Le PDG de Renault, Carlos Ghosn, était lui-même monté au front en janvier pour défendre le sérieux des accusations lancées par le constructeur à la suite d'une enquête interne menée sur plusieurs mois.

«Nous avons des certitudes. Si on n'avait pas de certitudes, on n'en serait pas là», avait-il relevé en évoquant, sans les révéler, l'existence de multiples éléments justifiant le dépôt d'une plainte pour «faits constitutifs d'espionnage industriel, de corruption et d'abus de confiance».

Dans le dossier remis aux autorités en soutien à sa plainte, Renault affirmait avoir réussi à détecter des comptes bancaires en Suisse et au Liechtenstein sur lesquels étaient soi-disant versées les sommes destinées aux cadres. L'entreprise blâmait des firmes chinoises cherchant à obtenir des renseignements stratégiques sur la conception de la voiture électrique.

Les vérifications menées à ce jour n'ont cependant pas permis de démontrer l'existence de ces comptes, relèvent plusieurs médias français qui citent des sources au sein des services de contre-espionnage français.

Bien que le chef de la DCRI, Bernard Squarcini, affirme que l'enquête pour espionnage industriel suit son cours, les employés mis en cause se réjouissent des derniers développements dans l'affaire.

«Mon client n'a cessé de répéter, depuis qu'il a été mis à pied par Renault, qu'il n'a jamais eu de compte à l'étranger et qu'il n'a pas vendu d'informations à qui que ce soit», souligne en entrevue Xavier Thouvenin, qui représente Michel Balthazard, l'un des cadres congédiés.

Affaire montée?

L'avocat pense que l'affaire pourrait avoir été montée de toutes pièces par des membres du personnel de sécurité de Renault qui auraient cherché à détourner à leur profit personnel des fonds devant servir à l'enquête.

«Il y a des gens suffisamment cons et dangereux pour faire ce genre de chose», relève Me Thouvenin, qui n'exclut pas non plus la possibilité d'une tentative de vengeance à l'interne.

Son client, dit-il, veut que la plainte déposée par Renault soit retirée dans les plus brefs délais. Il demande aussi que des excuses officielles lui soient présentées par l'entreprise, qui promet d'ores et déjà de réintégrer les employés mis à pied si la manipulation est avérée.

M. Balthazard, qui a saisi un tribunal du travail pour licenciement abusif, ne souhaite pas retourner chez Renault, souligne son avocat. «Quand la moitié des élèves de votre classe a décidé que vous êtes un voleur et que vous devez être exclu de l'école, vous n'avez pas nécessairement envie de retourner à l'école par la suite», dit-il.
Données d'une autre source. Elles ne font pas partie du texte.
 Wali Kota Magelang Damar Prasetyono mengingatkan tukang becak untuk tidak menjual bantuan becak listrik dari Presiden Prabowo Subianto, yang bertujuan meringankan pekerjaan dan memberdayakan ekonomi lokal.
Un autre cadre ciblé par les accusations d'espionnage, Bertrand Rochette, s'est également réjoui au cours des derniers jours que «l'on voie apparaître des éléments qui vont dans le sens de la réalité et de la vérité».

Il affirme être «complètement révolté» par le traitement que lui a réservé son ancien employeur, auquel il pourrait demander plus de deux millions d'euros d'indemnités.
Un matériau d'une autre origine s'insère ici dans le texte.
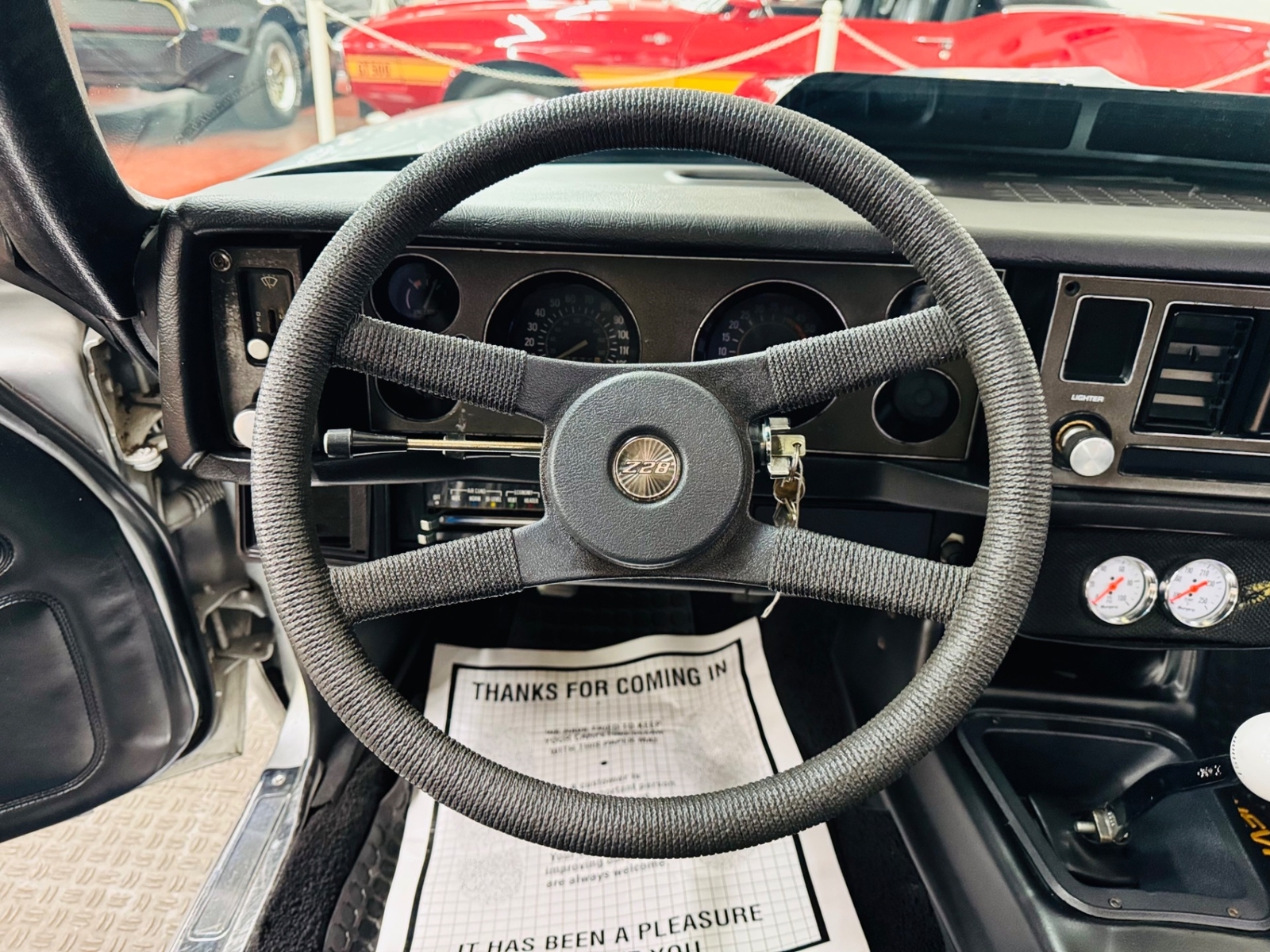 Chevrolet-Camaro-1981-Coupe-36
En écho aux cadres congédiés, un député de la majorité gouvernementale, Bernard Carayon, a indiqué hier qu'il y avait «visiblement eu massacre de la présomption d'innocence» dans le dossier.

«Ce qui compte aujourd'hui, c'est d'arriver à la vérité, qu'on y arrive rapidement et, si les soupçons étaient infondés, que justice soit rendue, confiance soit restaurée et réparation soit payée», a déclaré vendredi la ministre des Finances et de l'Industrie, Christine Lagarde.